WHAT NEEDS TO BE DONE
Give back the full listing verbatim, apart from its images.

SOURCE MATERIAL
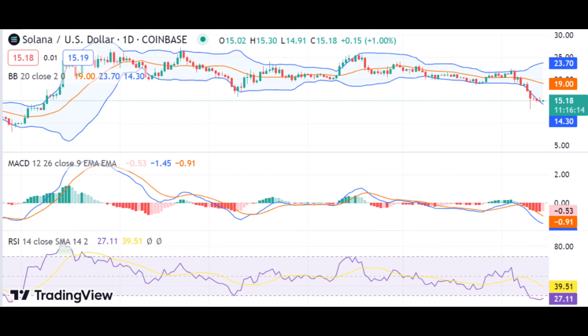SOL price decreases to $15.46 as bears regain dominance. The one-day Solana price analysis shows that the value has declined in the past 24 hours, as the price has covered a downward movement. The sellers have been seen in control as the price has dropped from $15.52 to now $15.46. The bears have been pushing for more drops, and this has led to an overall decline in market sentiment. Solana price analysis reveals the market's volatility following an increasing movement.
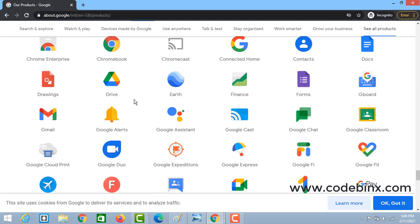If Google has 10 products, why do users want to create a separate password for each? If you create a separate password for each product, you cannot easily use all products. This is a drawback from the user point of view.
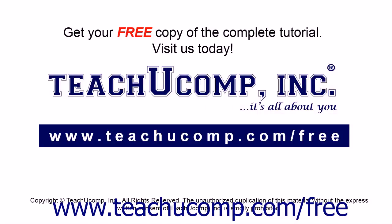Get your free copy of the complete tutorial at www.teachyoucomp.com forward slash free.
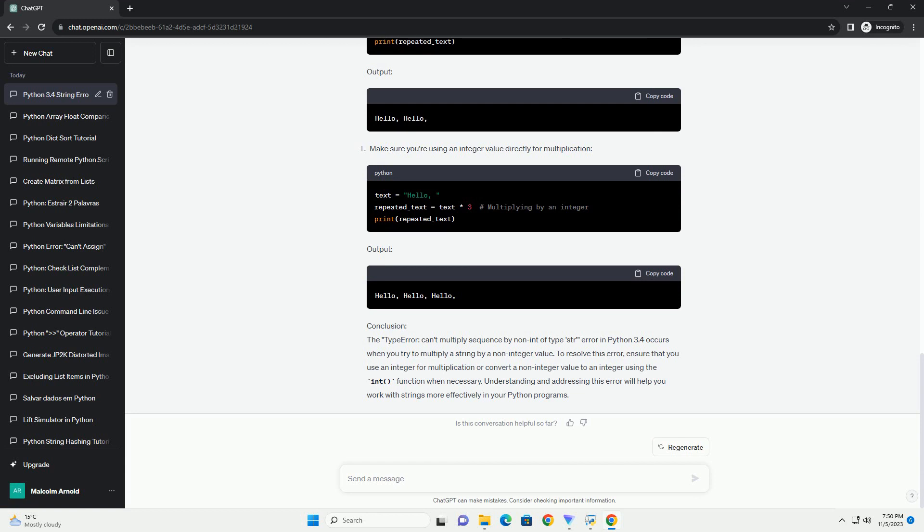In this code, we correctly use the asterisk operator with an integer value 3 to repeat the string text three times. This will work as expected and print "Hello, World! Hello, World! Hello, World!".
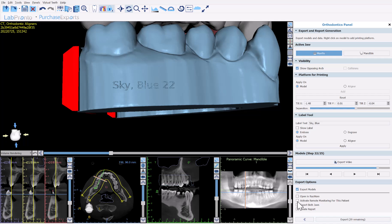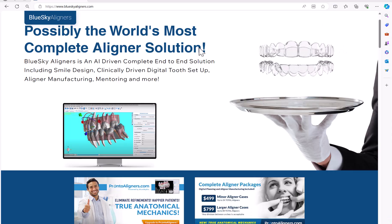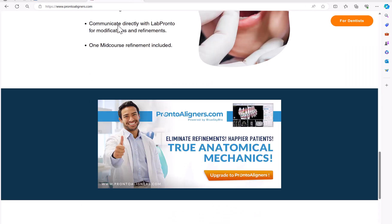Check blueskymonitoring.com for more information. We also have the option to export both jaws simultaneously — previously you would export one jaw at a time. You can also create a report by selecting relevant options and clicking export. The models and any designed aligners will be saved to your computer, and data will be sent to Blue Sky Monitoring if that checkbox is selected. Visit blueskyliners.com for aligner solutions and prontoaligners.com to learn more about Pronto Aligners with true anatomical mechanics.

RESPONSE BOX
SOL price decreases to $15.46 as bears regain dominance. The one-day Solana price analysis shows that the value has declined in the past 24 hours, as the price has covered a downward movement. The sellers have been seen in control as the price has dropped from $15.52 to now $15.46. The bears have been pushing for more drops, and this has led to an overall decline in market sentiment. Solana price analysis reveals the market's volatility following an increasing movement.
If Google has 10 products, why do users want to create a separate password for each? If you create a separate password for each product, you cannot easily use all products. This is a drawback from the user point of view.
Get your free copy of the complete tutorial at www.teachyoucomp.com forward slash free.
In this code, we correctly use the asterisk operator with an integer value 3 to repeat the string text three times. This will work as expected and print "Hello, World! Hello, World! Hello, World!".
Check blueskymonitoring.com for more information. We also have the option to export both jaws simultaneously — previously you would export one jaw at a time. You can also create a report by selecting relevant options and clicking export. The models and any designed aligners will be saved to your computer, and data will be sent to Blue Sky Monitoring if that checkbox is selected. Visit blueskyliners.com for aligner solutions and prontoaligners.com to learn more about Pronto Aligners with true anatomical mechanics.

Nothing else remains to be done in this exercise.